Procheck Adapt is a Certified Passive House component, tested by the Passive House Institute, and is suitable for a variety of commercial and residential applications and provides airtightness to the structure and vapour control.

Graphs 2 and 3 show the stone’s water content, especially for the innermost layer of masonry – so the 150mm where condensation is most likely. This means that any driving precipitation should be mostly mitigated by this point, so any moisture added to this section of the wall would come from interstitial condensation. Both walls show their maximum reduction in this value during summer as the wall dries, gaining roughly the same amount as each other in winter. The assessment indicates that the wall using Procheck Adapt can lose more moisture, leading to a widening gap where the Procheck Adapt offers even higher performance as time goes on.
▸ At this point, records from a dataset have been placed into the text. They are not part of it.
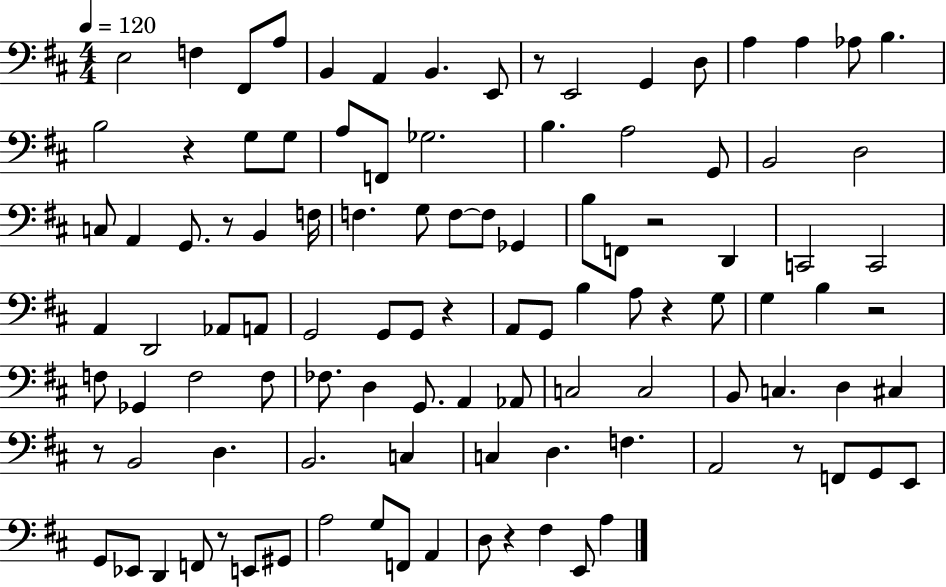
X:1
T:Untitled
M:4/4
L:1/4
K:D
E,2 F, ^F,,/2 A,/2 B,, A,, B,, E,,/2 z/2 E,,2 G,, D,/2 A, A, _A,/2 B, B,2 z G,/2 G,/2 A,/2 F,,/2 _G,2 B, A,2 G,,/2 B,,2 D,2 C,/2 A,, G,,/2 z/2 B,, F,/4 F, G,/2 F,/2 F,/2 _G,, B,/2 F,,/2 z2 D,, C,,2 C,,2 A,, D,,2 _A,,/2 A,,/2 G,,2 G,,/2 G,,/2 z A,,/2 G,,/2 B, A,/2 z G,/2 G, B, z2 F,/2 _G,, F,2 F,/2 _F,/2 D, G,,/2 A,, _A,,/2 C,2 C,2 B,,/2 C, D, ^C, z/2 B,,2 D, B,,2 C, C, D, F, A,,2 z/2 F,,/2 G,,/2 E,,/2 G,,/2 _E,,/2 D,, F,,/2 z/2 E,,/2 ^G,,/2 A,2 G,/2 F,,/2 A,, D,/2 z ^F, E,,/2 A,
The water content in the insulation is also lower using the Procheck Adapt, as shown in graph 4. The results confirm that there would be less risk using Procheck Adapt on this wall compared to a regular vapour control layer. With the drive towards efficiency and reduction of emissions, buildings are becoming increasingly better insulated, more airtight, and more energy-efficient. So the management of moisture in building design and construction becomes critical. In doing so, experienced contractors are increasingly turning to Procheck Adapt as the intelligent solution to best practice approach to vapour control layers.